Verticordia is a genus of very showy Australian plants, a number of which are well know in the cut flower trade. The vast majority are confined to Western Australia with two or three occurring in other states. The genus has undergone botanical revision in recent years and 99 species are now recognised. The popularity of some species for floral arrangements has resulted in overpicking from the wild and research into farming of selected forms is being undertaken. The plants are commonly referred to as “morrisons” or “feather flowers”, due to the fringed calyx lobes.
Verticordia pritzelii is a small shrub up tp 0.5 metres high by a similar width. It has small, linear leaves from 50 to 70mm long. The fringed, 5-petalled, pink flowers are about 8 mm in diameter and occur in clusters. They are usually seen in late spring and early summer.
Being native to a Mediterranean-type climate of very dry summers and wet winters, verticordias, in general, have not proven to be easily cultivated in more humid climates. V.pritzelii is no exception, however, it has been flowered successful in Sydney in a very well drained, raised garden bed in an open situation. In drier climates, cultivation should be more successful.

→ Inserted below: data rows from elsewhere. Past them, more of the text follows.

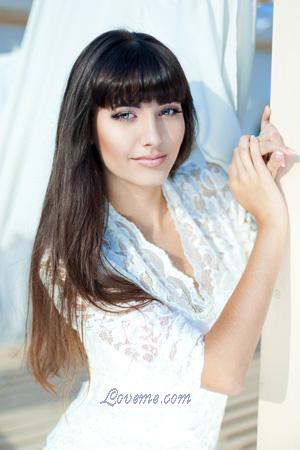 190231 - Anastasia Age: 29 - Ukraine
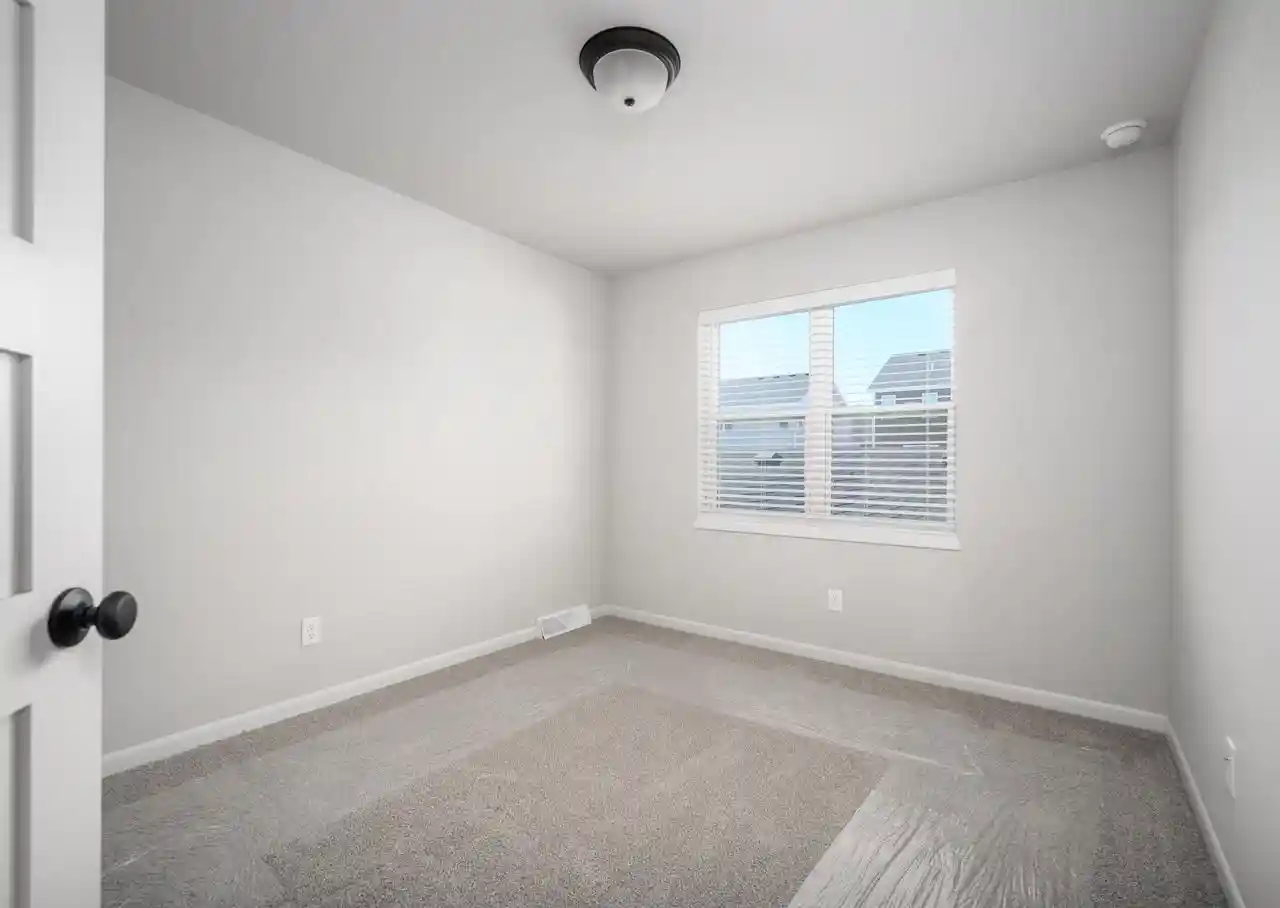 Photo 3 of Single family home for sale at 2116 S High Point Road Road, Madison, WI 53719 | MLS# 2027355 | Listing updated on 2026-09-29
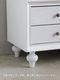 URBAN �ƥ�ӥܡ���160cm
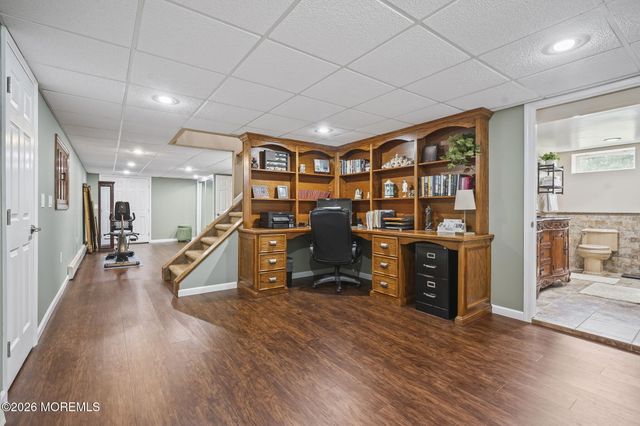 296 Sunnybrook Road, Jackson, NJ 08527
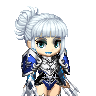 [ Silver Angel ]'s avatar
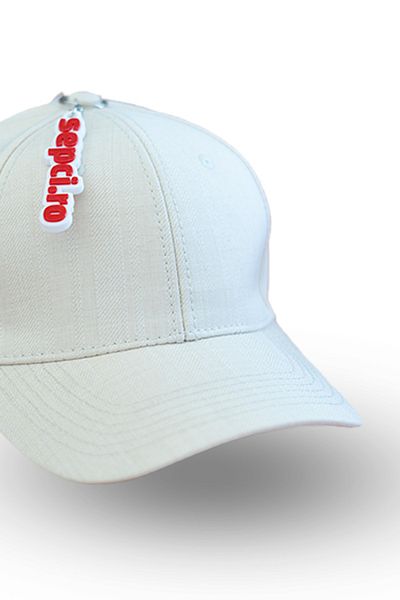 BASIC Sapca reglabila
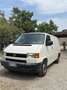 Volkswagen Transporter T4 1.9TDI Bianco - thumbnail 2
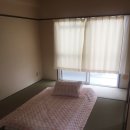 고려민박 이미지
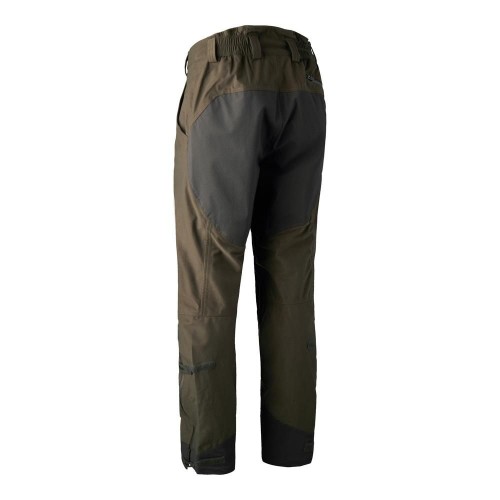 Obrázok číslo 2: DEERHUNTER Cumberland Trousers | poľovnícke nohavice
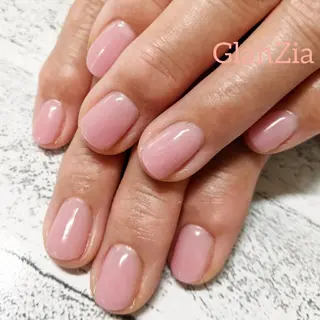 ネイル 南流山 ネイルサロン グランツィア のネイルデザイン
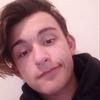 Kaleb Pearce - @kalebpearce1 - TikTok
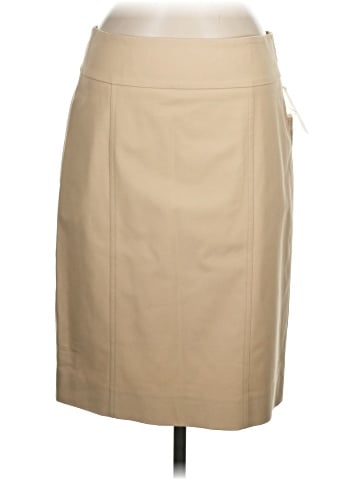 Per Se By Carlisle Casual Skirt (view 1)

Propagation can be carried out from seed but germination can be erratic and slow, sometimes taking well over a year. Cuttings of hardened, current season’s growth can be successful may may not give a high percentage strike. The use of a root-promoting hormone seems advantageous. Because of the horticultural potential of verticordias generally, some research into grafting has been carried out . This is showing some success using Darwinia citriodora or Chamelaucium uncinatum (Geraldton wax) as rootstocks.